INSTRUCTIONS FOR THE TASK: Give back only the lines in the records below from the one with "MEGA CLEFABLE ex" to the one with "kielle Gemini I", both inclusive, word for word.

RECORDS SUPPLIED:
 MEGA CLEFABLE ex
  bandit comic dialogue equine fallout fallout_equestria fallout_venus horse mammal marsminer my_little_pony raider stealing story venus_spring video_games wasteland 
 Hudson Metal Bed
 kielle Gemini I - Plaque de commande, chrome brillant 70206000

...

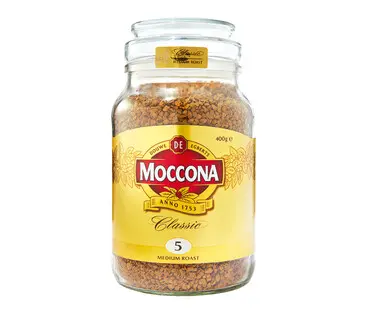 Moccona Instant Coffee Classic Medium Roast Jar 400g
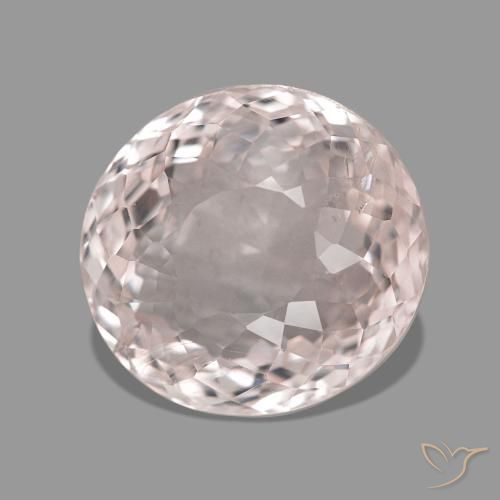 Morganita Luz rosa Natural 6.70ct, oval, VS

...

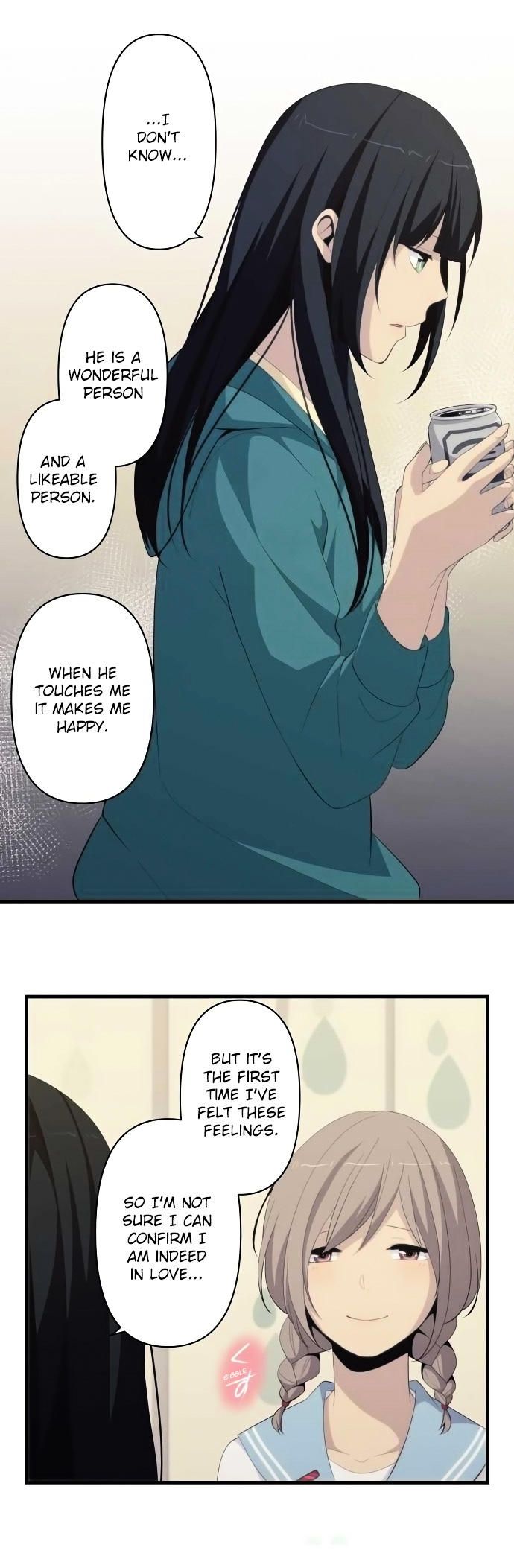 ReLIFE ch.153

SOLUTION:
 MEGA CLEFABLE ex
  bandit comic dialogue equine fallout fallout_equestria fallout_venus horse mammal marsminer my_little_pony raider stealing story venus_spring video_games wasteland 
 Hudson Metal Bed
 kielle Gemini I - Plaque de commande, chrome brillant 70206000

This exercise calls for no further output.